According to a report by the regional authority, the drought is the “worst water crisis to affect the region in five decades”. The brunt of the shortage is being borne by the province of Limarí, where almost three-quarters of the 71,000ha of land under agricultural production have received no water this season. In the Elqui valley, 41 per cent of the 27,000ha have not been irrigated, while in Choapa 45 per cent of agricultural land has remained dry. This has resulted in production shortfalls of 80 per cent for Limarí, 55 per cent for Choapa and 59 per cent for Elqui, the report said.

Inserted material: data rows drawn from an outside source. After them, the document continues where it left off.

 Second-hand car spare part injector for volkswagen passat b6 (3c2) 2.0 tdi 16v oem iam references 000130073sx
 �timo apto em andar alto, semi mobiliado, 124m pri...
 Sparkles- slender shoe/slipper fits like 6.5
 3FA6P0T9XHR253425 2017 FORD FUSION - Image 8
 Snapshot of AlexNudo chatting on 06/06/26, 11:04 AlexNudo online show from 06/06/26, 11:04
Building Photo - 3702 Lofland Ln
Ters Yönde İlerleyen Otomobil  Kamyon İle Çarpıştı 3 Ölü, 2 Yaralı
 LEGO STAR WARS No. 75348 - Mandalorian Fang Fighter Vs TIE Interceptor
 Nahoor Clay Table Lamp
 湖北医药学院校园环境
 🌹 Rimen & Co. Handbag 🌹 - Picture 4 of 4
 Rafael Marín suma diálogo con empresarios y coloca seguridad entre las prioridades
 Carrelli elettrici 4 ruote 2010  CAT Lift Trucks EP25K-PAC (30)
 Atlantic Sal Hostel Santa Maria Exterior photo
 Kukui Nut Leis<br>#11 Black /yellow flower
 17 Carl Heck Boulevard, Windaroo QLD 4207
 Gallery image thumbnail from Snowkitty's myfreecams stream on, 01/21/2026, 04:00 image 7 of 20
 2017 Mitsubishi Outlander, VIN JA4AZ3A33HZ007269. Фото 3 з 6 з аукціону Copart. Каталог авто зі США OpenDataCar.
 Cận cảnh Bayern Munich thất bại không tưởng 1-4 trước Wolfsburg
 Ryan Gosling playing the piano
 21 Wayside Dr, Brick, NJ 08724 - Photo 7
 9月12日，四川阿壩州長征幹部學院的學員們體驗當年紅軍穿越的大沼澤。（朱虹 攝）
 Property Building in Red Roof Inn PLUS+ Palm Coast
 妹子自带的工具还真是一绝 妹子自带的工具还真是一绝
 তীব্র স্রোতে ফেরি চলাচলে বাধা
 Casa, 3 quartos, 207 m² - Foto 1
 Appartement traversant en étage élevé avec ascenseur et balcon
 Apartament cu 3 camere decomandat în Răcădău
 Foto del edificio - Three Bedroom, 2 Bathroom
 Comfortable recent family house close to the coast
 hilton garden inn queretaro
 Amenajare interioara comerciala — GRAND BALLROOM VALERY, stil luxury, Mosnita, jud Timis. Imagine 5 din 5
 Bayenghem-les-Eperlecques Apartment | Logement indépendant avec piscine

Coquimbo’s fruit production has been particularly affected. Avocado trees have had to be cut back, while other orchards are surviving on minimal water rations. The region has 53,000ha of fruit production, accounting for one-sixth of the country’s total planted area. The number of people employed in the industry has fallen from 59,000 in 2007 to 44,000 in 2014.

“This has led to widespread poverty in rural areas and an increase in migration to cities,” said Daniel Norambuena, SAN’s executive secretary.

A number of measures have been proposed to alleviate the impact of the drought, including renegotiating credit terms for farmers, creating an emergency fund for growers and relieving farmers from tax paying duties. The government is also reportedly assessing the viability of building a waterway from the south of the country.